Hablando de este torero, en una de sus tardes grandes, en una ocasión un joven aficionado, compañero de localidad en Las Ventas, me asaltó  de inmediato, con ese afán tan propio de su edad de contar siempre con un punto para la comparación.
 Era una tarde de Beneficencia. Su duda era más o menos la siguiente: ¿Pero Morante será más o menos que Curro? Cómo confeso venerador de Curro traté de explicarle que sus metas eran distintas y por ello la vara de medir también lo debe ser, entre otras cosas porque, no sé muy bien razón, la Fiesta nunca guardó la vez para las reediciones. 

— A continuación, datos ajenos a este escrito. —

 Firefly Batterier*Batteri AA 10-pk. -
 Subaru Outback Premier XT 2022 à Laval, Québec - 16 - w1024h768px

No conozco ni uno de esos de los que se decía  “es igualito que Manolete” que fuera gente en esto. Con Belmonte, con Pepe Luís o con Curro ocurrió igual. Morante circulaba por ese mismo camino. Será quizás porque los genios, los virtuosos de cualquier menester humano, siempre han sido únicos.
 En los ruedos y fuera de ellos.
Por eso, le recomendé que no buscara comparaciones, que soñara con el Belmonte, el Pepe Luís o el Curro que le habían contado y admirara a este Morante, que le ilusionaba tanto que no conocía la  pereza a la hora de, carretera y manta, ir hasta vaya usted a saber dónde porque se anunciaba a su torero. La próxima parada la tenía prevista para Bilbao, pero ahora queda en suspenso. Pero también le recomendaba con firmeza que esta militancia morantista, que es legítima, no le impidiera admirar la grandeza del toreo lo haga quien lo haga.
Ahora Morante se nos ha ido, hasta que el cuerpo le pida volver a ajustarse la taleguilla, que nadie sabe si tal ocurrirá. Mientras tanto deja lo que para un torero resulta más relevante: un enorme vacío. Pero el arte del toreo sigue vivo, preñado de sorpresas para quien lo quiere y lo admira.

Otrosí: Lo más probable es que sea mera casualidad. Pero Morante ha dicho su hasta luego cuando en su agenda quedaban diez contratos por cumplir. Cinco de ellos eran con la Empresa en la que participan sus apoderados mexicanos: Bilbao, Almería, Palencia, Salamanca y Logroño; las otras eran en Cuenca, San Sebastian de los Reyes,  Murcia, Valladolid y Albacete.